I have my own views on morals and their relation to religion. I’m not closed-minded about it, I always find everyone’s input extremely interesting and insightful. Everyone really makes some good points! But what I absolutely cannot stand is when people start to get so righteous and defensive about their points. Obviously people feel very strongly about their ideas, and that’s great, but when everyone starts yelling over each other to be heard and cutting each other off, I just feel like crawling under my desk and out the door. It’s like being in the middle of gunfire. And although I’m sure no one would admit it, I think it has a lot to do with ignorance and limited view. On topics like religion, I think sometimes people are oblivious to how limited their view is. Speaking for myself, it is easy to forget that “religion” is not limited to belief in God. We’ve spent the whole semester attempting to define religion and saying it is made up of rituals and traditions and community, and it’s pretty freaking hard to escape!!

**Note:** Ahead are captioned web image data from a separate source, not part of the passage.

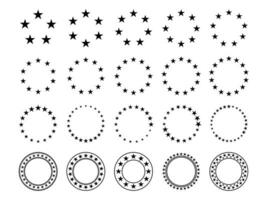 stjärna cirkel. runda ramar med stjärnor för bricka, emblem och täta. cirkulär betyg ikoner med fave fem spetsig silhuett stjärna, tilldela vektor tecken uppsättning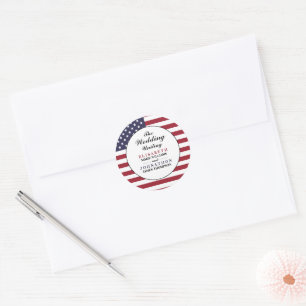 American Flag Wedding Runder Aufkleber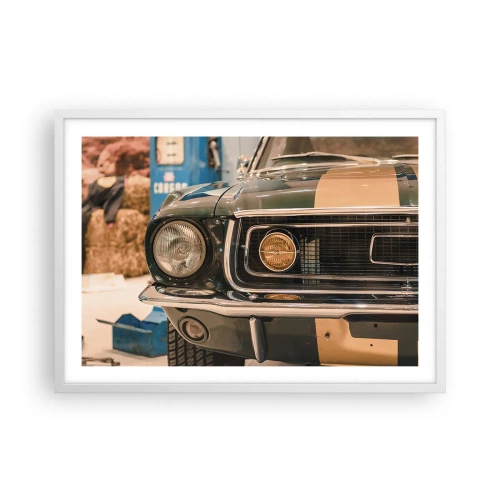 Affiche dans un cadre blanc - Poster - Rencontre avec une légende - 70x50 cm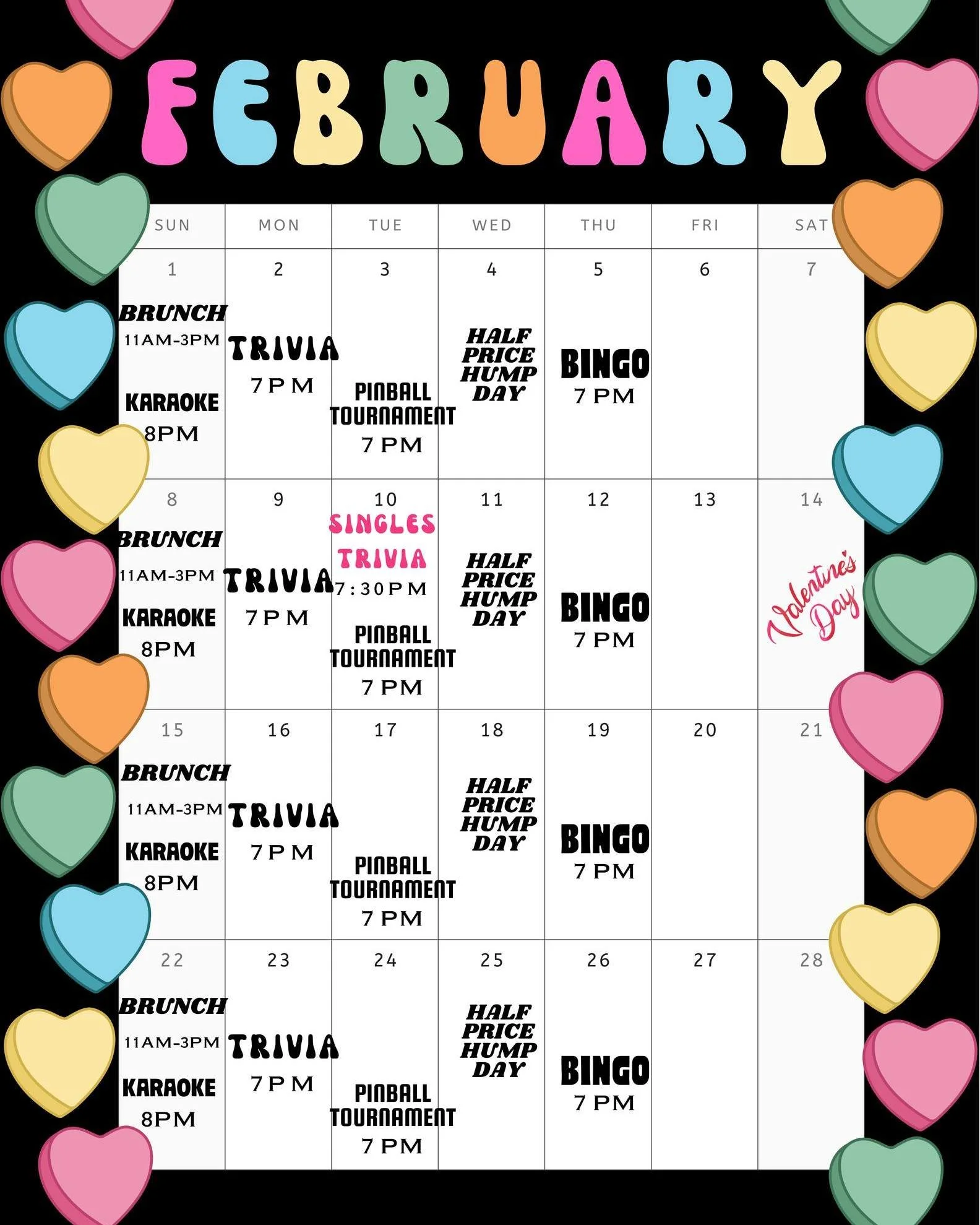 Looking for love in all the wrong places? Try your luck at our Singles Trivia this Tuesday 2/10 at 7:30pm or any of the other events we're running all February long!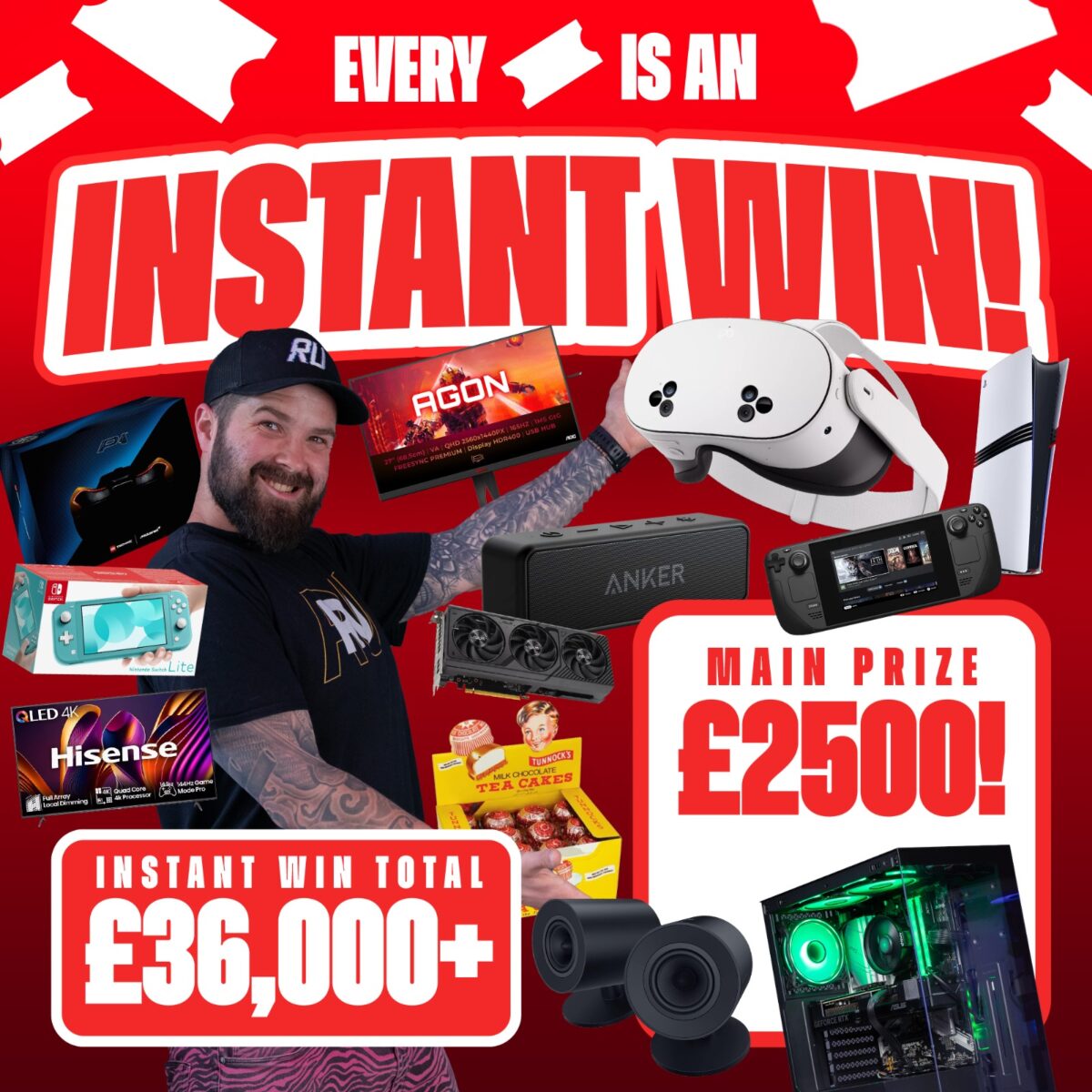 EVERY TICKET IS AN INSTANT WIN - £2,500 MAIN PRIZE!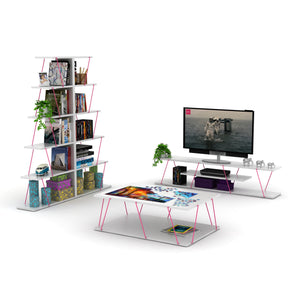 English Elm Furnish Modern 5-Tier Ladder Bookshelf For Small Spaces – Elegant White & Pink Storage Organizer, Stylish Design B02949518
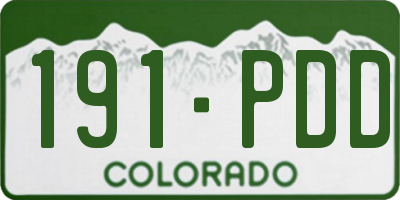 CO license plate 191PDD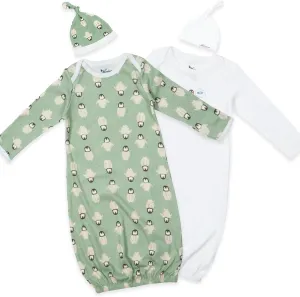 Newborn Unisex Baby Boys Girls Cotton Sleeper Gown Nightgown Sleepsuits with Hats, 0-3/0-6 Months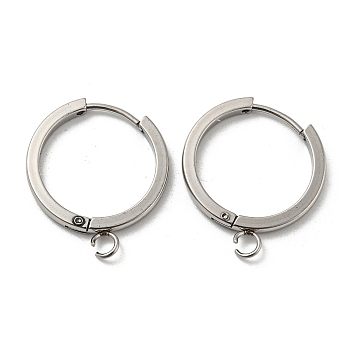 201 Stainless Steel Huggie Hoop Earrings Findings, with Vertical Loop, with 316 Surgical Stainless Steel Earring Pins, Ring, Stainless Steel Color, 20x2mm, Hole: 2.7mm, Pin: 1mm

So then when we talk about morality, at least when we talked about it today, it seemed like everyone forgot that. Religion = God. But that’s not the case!!!! And I see a lot of truth in looking at morality and religion like you would look at a rectangle and a square. All squares are rectangles, but not all rectangles are squares. Genuinely religious people are believed to be/hold morals, but not all moral people are truly religious. Morality is the rectangle. It can be in a religious sense, or it can stand on it’s own. Now some would argue that all morals result out of religious belief, and I see a certain truth in that. I would not say it is false. But I also see a truth in saying that morals can exist without the influence of religion. Maybe I am too biased to make that judgment because I was raised in a religious family and attended 13 years of Catholic school, but I think humanity can come to the conclusion, at least a majority consensus, that certain acts are bad when committed with foul intent. And I think humanity has the ability to discern what defines intent as malicious. I don’t think their needs to be a belief in a godly overseer or karmic punishment for one to come to the conclusion that you should not take someone else’s life. 

What about the conscience? Is that a part of the brain and self derived from religion? I really don’t think so. It’s in our wiring to feel bad about actions we commit when they are committed with wrongful purpose. I feel bad when I spend considerable amounts of money. Sometimes even on things that I feel I really need. I know that I could probably live without them, but I decide they are necessary for my comfort. But I also know that my family struggles with money. That my parents are providing me with an education at a $40,000 a year institution. That they have already sacrificed to send me through Catholic school for 13 years. That they are currently putting my brother through Catholic school and will continue to for at least the next five years. None of this has anything to do with religion. But the voice in my head makes me feel bad when I spend money on little luxuries because I know that my family is struggling. That I am taking for granted. And I feel like I am hurting them indirectly in some way. That is morals. Morals work through your conscience. And I don’t need religious beliefs to tell me that I should be worried about the well being of my family.

It’s pure instinct.

I believe morals are tied in with instinct. Animals kill other animals for food; for survival. They don’t kill just to kill. We kill animals for food; for survival. When running on instinct, no creature would kill for the sake of causing death. Killing is an instinctual reaction for survival. Whether it be the result of a feeling of being threatened, to protect, or to provide for basic needs such as food, killing has a reason in the animal kingdom. It’s not an evil act. 

We’ve talked about religion being used to explain things; tragedies, what happens when we die, etc. And I think that still applies here. Religion developed as a way to explain feelings of instinct.